Why do we not bring that grand duke back who was exiled to Central Asia? Nicholas Constantinovich, no one talks about him above a whisper. He gave money to those students who assassinated his uncle. None of the Romanovs would accept him. His perspective on the autocracy would be unique. He did well on the field of battle and is considered something of a scientist. Well-loved by the “broad mass of the people.” The other Romanovs?

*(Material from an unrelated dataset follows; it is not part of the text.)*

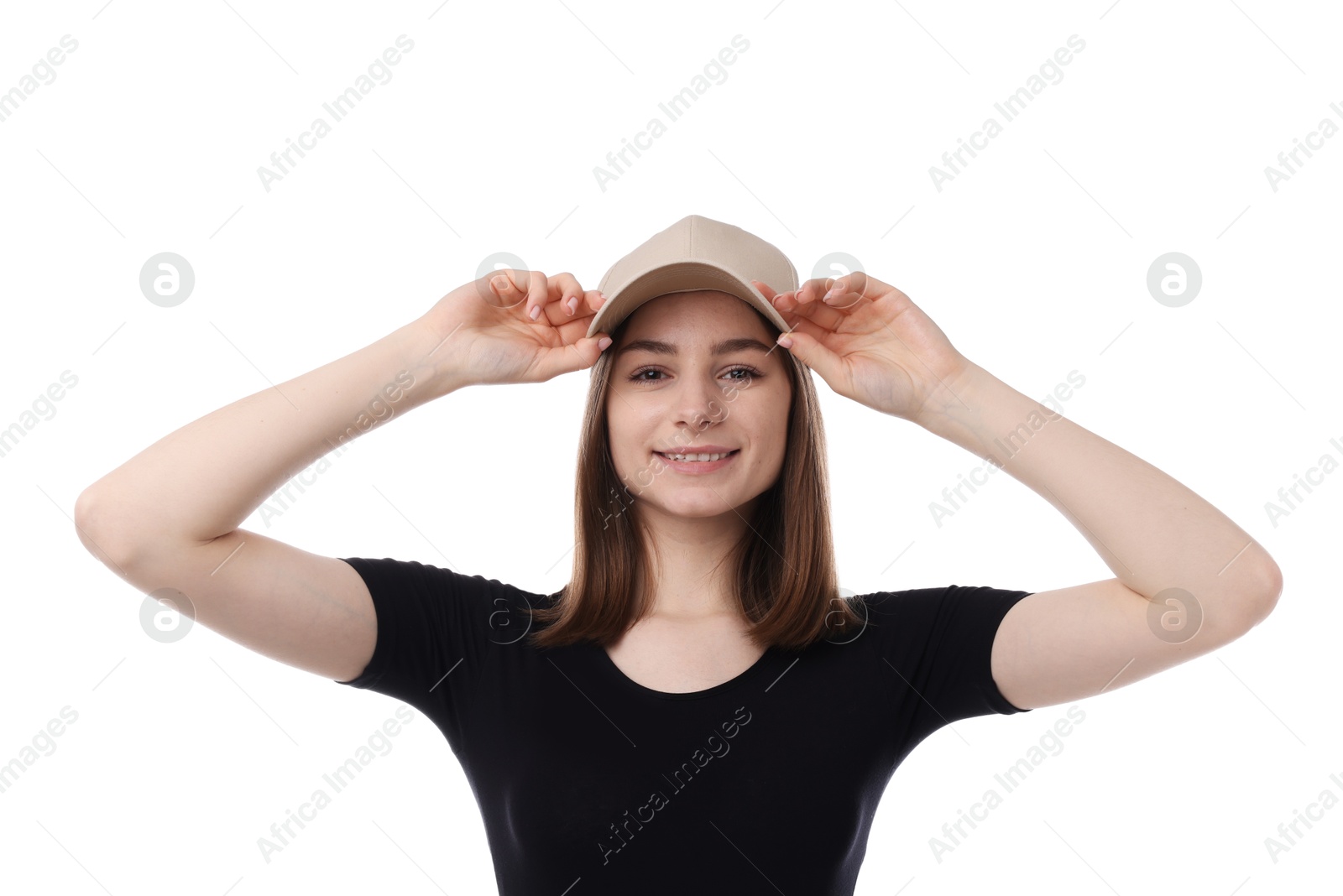 Young woman wearing stylish beige baseball hat on white background Photo of Young woman wearing stylish beige baseball hat on white background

Hmm, they would reject him out of hand. Perhaps we need a new ruling house. He could be the man to keep the Duma in order and quiescent. I would listen to him. How was he to know those students were going to finally kill the tsar? What was it, the eighth attempt?
There is not much to do in a hospital when you cannot walk more than half of a step. A decent pen and good paper help alleviate the situation, of course. I do not want to be a burden to either Zhennya or Anyuta, even though I am their charge. When will this leg heal? Both the devil and God know, I do not. When was the last time I prayed or attended holy services? Months. It is difficult to pray. My mind will not let my supplications rise upward. The witless peasants under my command go forward to die. What can I do? Send them home to their villages? It would not go unnoticed. The poor fools would be shot for desertion. Then they would come for me.
This would be another “betrayal” of my bloodline. Father would lose his temper in a most disagreeable manner—if he were alive today and could read my thoughts. He is lucky to have gone to heaven and not seen what has become of the motherland. Although he is not here I can hear him responding to my treasonous musings. “Are you crazy? Do you want another 1789?”
We will eventually have a constitutional monarchy, but first there will be much shouting. Remove the fetters from the Duma and it will rise to the occasion. You can have either tyranny or mob rule. The periods of mob rule are brief because the people want stability and order. God, let us find a middle path. Let the Duma be a bulwark against both the mass of the people and another Alexander III. I must believe it will happen.
I will ride a horse again. Another tsar will be on the throne—one more worthy. Why did Paul decree that no woman could sit there? Elizabeth was the best of them all. I believe there was not a single execution in her reign. And yet even were she to rise from the grave she could not produce more bullets from her fingers. She couldn’t move them to the front faster. She would not have the heart to retire the incompetent generals. Perhaps she would send the very worst ones back to their estates and promote a few of the best officers, such as myself. . . .
Who will die today? Zakhar? Matvei? Yermolai? They are all good men. Each time one of them dies something in me goes with them. Yes, I am worth 10 of them as far as value to the motherland, but they are Christian souls everyone, nonetheless. Without the smile and encouragement of Zhennya there would be little reason to go on. Her warmth restores me.